Public building.
Details of Site Location: 75 Church Street, at the northeast corner of Adelaide Street East and Church Street, with the main entrance facing Church Street.
Current Use of Property: Condominium.
Historical Description: The Mechanics’ Institute was dedicated to the concept of the education and basic dignity of the working man. F.W. Cumberland of Cumberland and Storm was the architect for this Renaissance-style building with neo-classical squareness and solidity. The central three bays on the Church Steet facade step forward to frame and emphasize the main entrance. Other details: the cornice and the parapet, raised in the centre with a broken silhouette; the variety of windows; the paired pilasters that frame one of the large music-hall windows and ornament the Adelaide Street facade; and the broken pattern of the cornice along this front. Inside there was a semi-circular lecture hall, a library, a separate reading room, and on the second floor a music hall 76’6″ feet by 56′ that had a coved ceiling 35′ high. The cornerstone was laid 17 April 1854. However, by mid 1855, when the work was almost completed, the money raised for the building ran out. The unfinished building was then rented to the Government of Canada for four years to house the post office and the Crown Lands Department. Between the rent and a government grant of $16,000, the building was completed for a cost of $49,888.19.

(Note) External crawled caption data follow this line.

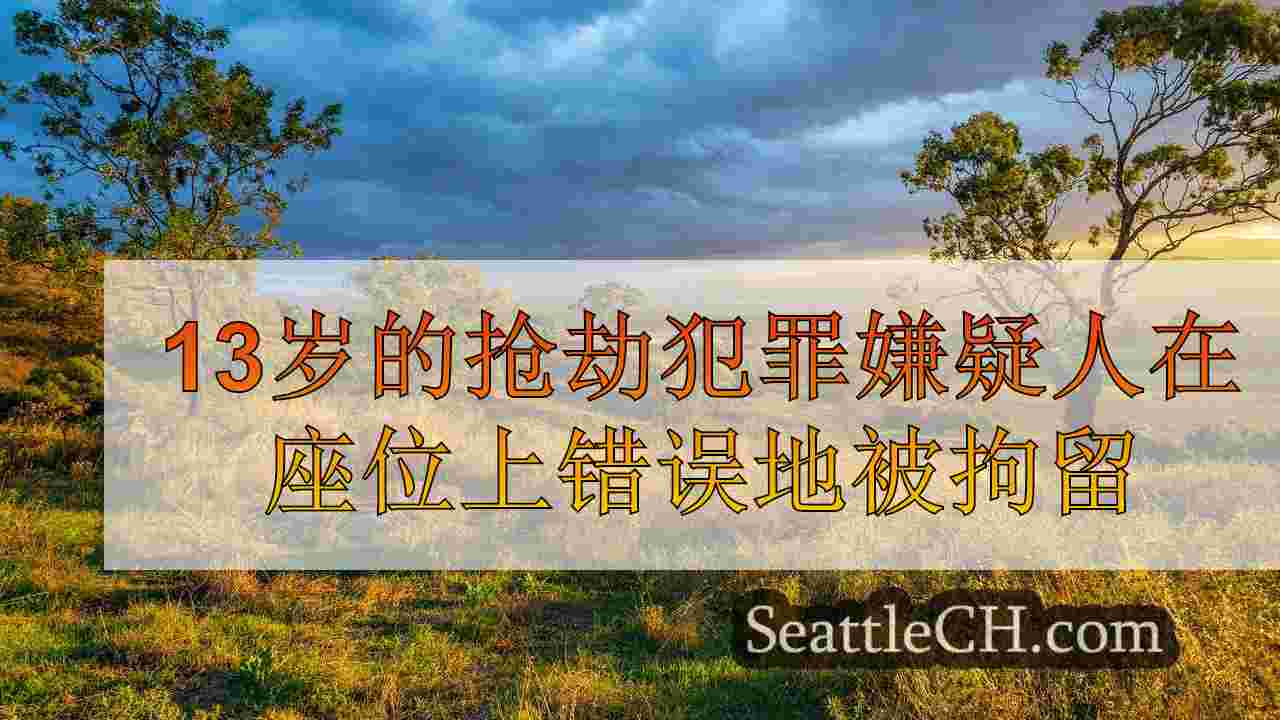 西雅图新闻 SeattleCH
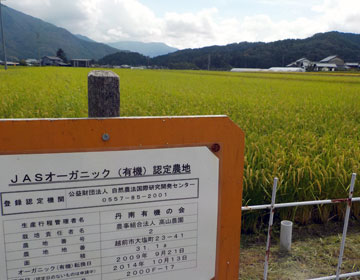 お米の特徴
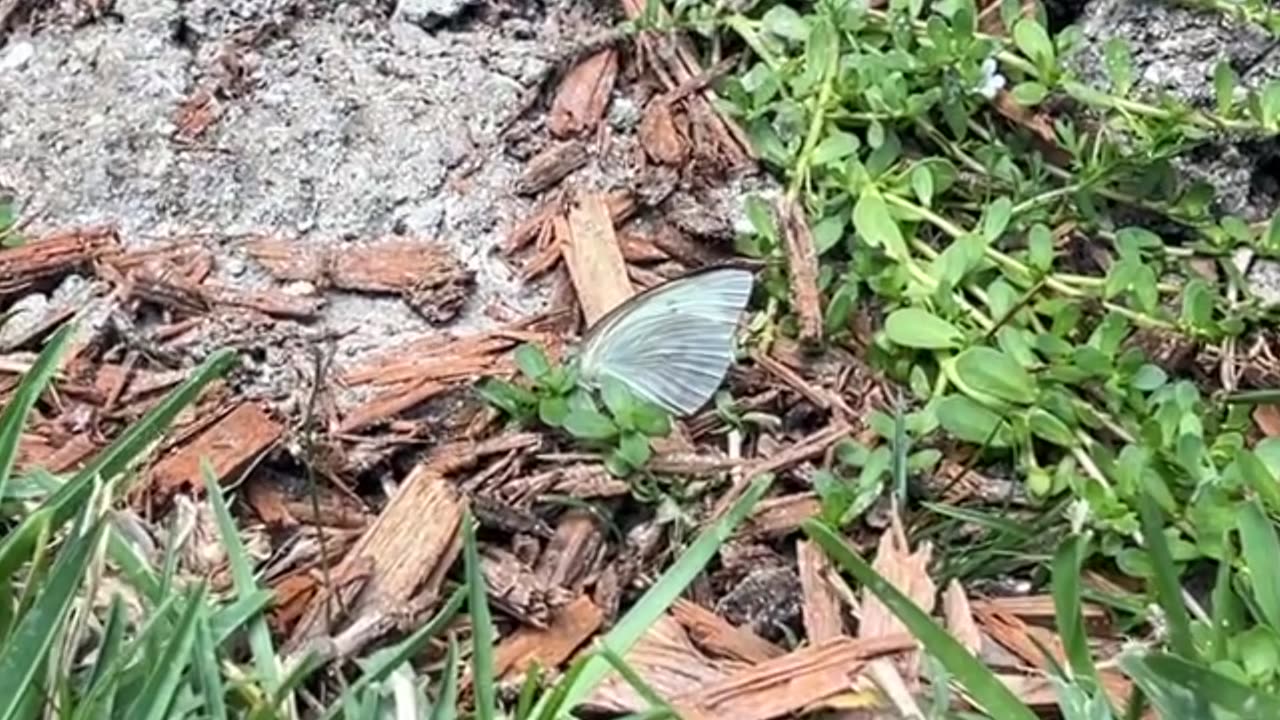 Great Southern White Butterfly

The Institute finally moved into it new home in 1861. Except for the music hall, the main rooms served a definite purpose in fulfilling the Institute’s educational mandate. This was the beginning of organized semi-technical education in the city when the general level of education was very low. The library very quickly became its largest asset, including thousands of volumes. On 1 July 1883 the city took over the library as the basis of the Toronto Public Library system, where it remained until 1906 when the new Carnegie Public Library opened on College Street. Until 1927 a library branch remained in the building. The following year the building was taken over by the city’s Department of Welfare. In 1948 the building was demolished for a parking lot, then a garage, and now a condominium.
Relative Importance: This building was the first large library and the site of the first organized semi-technical education in Toronto.
Planning Implications: There should be more than a simple plaque on this site.
Reference Sources: William Dendy, Lost Toronto; Eric Arthur, Toronto – No Mean City; City of Toronto Archives.